No one said anything.

“This is good news, people. The government is coming to
rebuild and restore some semblance of peace after these weeks of
chaos and uncertainty. The worst is over.”

Her eyes met his. She was unflinching. Challenging him to say
something contrary. He held hers until they were both interrupted by
a man standing along the wall behind him. When he spun around to see
who was talking he was truly surprised.

“Miss. I don't believe we've met. I'm Rear Admiral Ray. I
was on special assignment with the Joint Chiefs in the Pentagon
before things got bad. My sources say that St. Louis is not clear of
infected, and in fact it has a higher than normal concentration of
them. Also, are you aware of the activities of the Patriot Snowball
group in that city?”

He had newfound respect for the navy man. He actually asked some
salient questions. He was unaware of the patriot threat.

“Yes. My advance team is there right now. I should have a
report soon on the precise status on the ground. We are aware of the
threats.” She put down her marker and looked around at
everyone. “This is going to happen, folks. The government in
Washington is gone. Washington D.C. is gone. Most of what's left has
to set up shop somewhere, and St. Louis is it. Your job is to support
that effort.”

She looked at John. “Can I count on you, sir, to help these
people survive until we can all get safely to St. Louis when the time
is right?” She turned to the mayor. “You and your people
are encouraged to join us, of course.”

The mayor nodded, but held a wide-eyed look of fear.

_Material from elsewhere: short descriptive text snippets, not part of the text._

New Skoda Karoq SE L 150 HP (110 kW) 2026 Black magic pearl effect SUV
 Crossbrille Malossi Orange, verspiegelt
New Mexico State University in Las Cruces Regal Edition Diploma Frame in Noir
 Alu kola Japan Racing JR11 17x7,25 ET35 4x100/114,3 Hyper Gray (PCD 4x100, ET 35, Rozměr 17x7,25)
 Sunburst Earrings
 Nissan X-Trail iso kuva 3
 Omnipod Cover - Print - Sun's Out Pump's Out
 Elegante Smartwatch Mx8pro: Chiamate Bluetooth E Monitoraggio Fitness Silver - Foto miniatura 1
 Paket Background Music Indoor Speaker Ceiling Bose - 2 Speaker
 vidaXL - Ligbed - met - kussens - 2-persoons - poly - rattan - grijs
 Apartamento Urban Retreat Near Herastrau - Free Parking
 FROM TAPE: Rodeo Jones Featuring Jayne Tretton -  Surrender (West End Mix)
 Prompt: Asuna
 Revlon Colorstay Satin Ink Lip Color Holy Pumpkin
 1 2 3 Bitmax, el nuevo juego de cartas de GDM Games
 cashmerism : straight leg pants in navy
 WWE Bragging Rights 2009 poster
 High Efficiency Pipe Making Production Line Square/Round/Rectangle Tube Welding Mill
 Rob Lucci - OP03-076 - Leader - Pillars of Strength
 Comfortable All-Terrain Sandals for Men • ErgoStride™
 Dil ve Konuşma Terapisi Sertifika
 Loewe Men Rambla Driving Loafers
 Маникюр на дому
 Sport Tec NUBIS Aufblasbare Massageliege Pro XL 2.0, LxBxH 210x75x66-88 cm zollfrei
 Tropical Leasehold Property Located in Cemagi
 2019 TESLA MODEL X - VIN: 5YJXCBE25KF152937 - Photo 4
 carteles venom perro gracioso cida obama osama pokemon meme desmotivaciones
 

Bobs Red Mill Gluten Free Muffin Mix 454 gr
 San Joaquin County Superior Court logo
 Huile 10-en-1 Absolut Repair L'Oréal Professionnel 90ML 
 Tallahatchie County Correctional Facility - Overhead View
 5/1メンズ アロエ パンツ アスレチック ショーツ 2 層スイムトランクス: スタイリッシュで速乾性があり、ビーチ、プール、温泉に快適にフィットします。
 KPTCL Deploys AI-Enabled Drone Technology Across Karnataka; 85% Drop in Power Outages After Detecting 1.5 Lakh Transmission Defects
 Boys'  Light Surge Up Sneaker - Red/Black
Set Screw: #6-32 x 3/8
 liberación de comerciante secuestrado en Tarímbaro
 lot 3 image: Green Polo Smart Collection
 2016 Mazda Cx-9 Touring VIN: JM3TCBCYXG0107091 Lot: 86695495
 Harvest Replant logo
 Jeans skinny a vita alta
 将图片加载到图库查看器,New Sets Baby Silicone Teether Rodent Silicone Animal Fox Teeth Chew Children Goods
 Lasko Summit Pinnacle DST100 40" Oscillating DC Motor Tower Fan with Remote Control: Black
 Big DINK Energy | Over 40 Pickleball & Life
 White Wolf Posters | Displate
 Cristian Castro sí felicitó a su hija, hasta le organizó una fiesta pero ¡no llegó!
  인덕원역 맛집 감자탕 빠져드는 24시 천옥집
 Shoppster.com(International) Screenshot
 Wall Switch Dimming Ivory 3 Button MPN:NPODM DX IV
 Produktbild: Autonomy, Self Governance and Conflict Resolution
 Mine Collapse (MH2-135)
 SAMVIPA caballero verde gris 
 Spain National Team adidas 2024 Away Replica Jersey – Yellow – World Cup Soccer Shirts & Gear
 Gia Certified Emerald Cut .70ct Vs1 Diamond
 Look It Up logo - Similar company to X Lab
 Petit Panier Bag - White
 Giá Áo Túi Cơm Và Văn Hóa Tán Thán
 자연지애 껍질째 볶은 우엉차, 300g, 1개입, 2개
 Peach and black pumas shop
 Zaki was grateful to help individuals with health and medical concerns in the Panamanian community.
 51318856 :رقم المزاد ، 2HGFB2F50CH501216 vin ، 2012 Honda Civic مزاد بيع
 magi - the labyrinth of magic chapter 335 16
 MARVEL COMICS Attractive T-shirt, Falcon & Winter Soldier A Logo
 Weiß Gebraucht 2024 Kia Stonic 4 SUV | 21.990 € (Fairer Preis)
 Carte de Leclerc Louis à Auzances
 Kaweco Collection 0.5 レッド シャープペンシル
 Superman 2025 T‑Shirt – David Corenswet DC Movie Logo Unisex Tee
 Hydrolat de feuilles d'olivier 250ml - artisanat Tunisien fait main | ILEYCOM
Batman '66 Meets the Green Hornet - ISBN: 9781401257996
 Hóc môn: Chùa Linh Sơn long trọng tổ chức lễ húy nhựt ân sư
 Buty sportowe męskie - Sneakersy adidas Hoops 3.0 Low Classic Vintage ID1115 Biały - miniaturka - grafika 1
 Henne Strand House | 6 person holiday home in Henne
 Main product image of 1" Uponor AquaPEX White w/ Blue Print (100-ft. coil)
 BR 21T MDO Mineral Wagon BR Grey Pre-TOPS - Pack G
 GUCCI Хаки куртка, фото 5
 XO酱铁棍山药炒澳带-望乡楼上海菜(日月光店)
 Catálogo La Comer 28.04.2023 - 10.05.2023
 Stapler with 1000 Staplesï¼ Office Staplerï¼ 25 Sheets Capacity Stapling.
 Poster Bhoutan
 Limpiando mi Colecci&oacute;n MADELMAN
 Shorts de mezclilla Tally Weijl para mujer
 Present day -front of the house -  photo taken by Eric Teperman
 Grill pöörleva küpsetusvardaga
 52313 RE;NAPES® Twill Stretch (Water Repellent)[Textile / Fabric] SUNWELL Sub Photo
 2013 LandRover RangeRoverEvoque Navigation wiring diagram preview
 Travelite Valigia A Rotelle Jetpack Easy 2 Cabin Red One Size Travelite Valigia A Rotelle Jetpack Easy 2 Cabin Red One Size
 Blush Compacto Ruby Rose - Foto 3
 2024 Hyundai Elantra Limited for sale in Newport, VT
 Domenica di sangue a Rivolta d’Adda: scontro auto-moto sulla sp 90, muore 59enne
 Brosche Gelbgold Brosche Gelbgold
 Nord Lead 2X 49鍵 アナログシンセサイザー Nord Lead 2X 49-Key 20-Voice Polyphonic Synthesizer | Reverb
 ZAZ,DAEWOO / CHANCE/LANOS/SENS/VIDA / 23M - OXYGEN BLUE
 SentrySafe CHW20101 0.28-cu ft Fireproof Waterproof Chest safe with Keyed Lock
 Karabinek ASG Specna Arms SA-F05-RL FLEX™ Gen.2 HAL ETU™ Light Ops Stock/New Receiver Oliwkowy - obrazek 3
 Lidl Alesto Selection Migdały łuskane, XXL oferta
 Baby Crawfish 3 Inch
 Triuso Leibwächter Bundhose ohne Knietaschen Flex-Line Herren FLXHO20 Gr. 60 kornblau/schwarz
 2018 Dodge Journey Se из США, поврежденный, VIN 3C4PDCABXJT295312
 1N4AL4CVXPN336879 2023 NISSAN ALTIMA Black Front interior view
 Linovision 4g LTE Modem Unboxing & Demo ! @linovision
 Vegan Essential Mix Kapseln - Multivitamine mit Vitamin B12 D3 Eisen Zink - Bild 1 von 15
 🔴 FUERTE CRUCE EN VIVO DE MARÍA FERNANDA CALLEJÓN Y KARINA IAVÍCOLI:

The general's head swam with competing directives. Dig the trench.
Properly position the tanks. Plan the killboxes. And now, be ready to
abandon it all, cross hostile territory, and end up in a bigger town
with bigger problems. Though he swore an oath to protect the country,
he wavered on what that actually meant here on the ground.

For now, he would play along.

“I can provide five Humvees, each with two-man crews to
patrol on top of the levees.” Keeping them on the levees would
give them instant access back to the main effort in the north, should
they be needed.

“All right. See guys, we're getting somewhere now.”
She smiled a fake smile. “We just have to play nice and help
each other until the government gets back on its feet. You take care
of it, and it will take care of you.”

The poison in her eyes reinforced his doubts about her motives.
Cairo was safe. It was on a peninsula and was easily defensible
thanks to his efforts digging fortifications on the landward-facing
side. Only an idiot would abandon prime defensive real estate like
this.

He wasn't going to let her, or anyone, ruin all that he had built.

Homeland Security may be in charge, but he controlled the
firepower.

Chapter
1: Convoy

Sixteen days since the sirens.

Liam stared at the ripped envelope for a long time. His mother had
given it to him yesterday and hinted that his father asked her not to
read it until Liam saw it. He spent a long night trying to sleep in
the noisy campground or—when sleep eluded him—trying to
remember the words his father had said the past six months which
might have given him clues as to what he knew and when he knew it.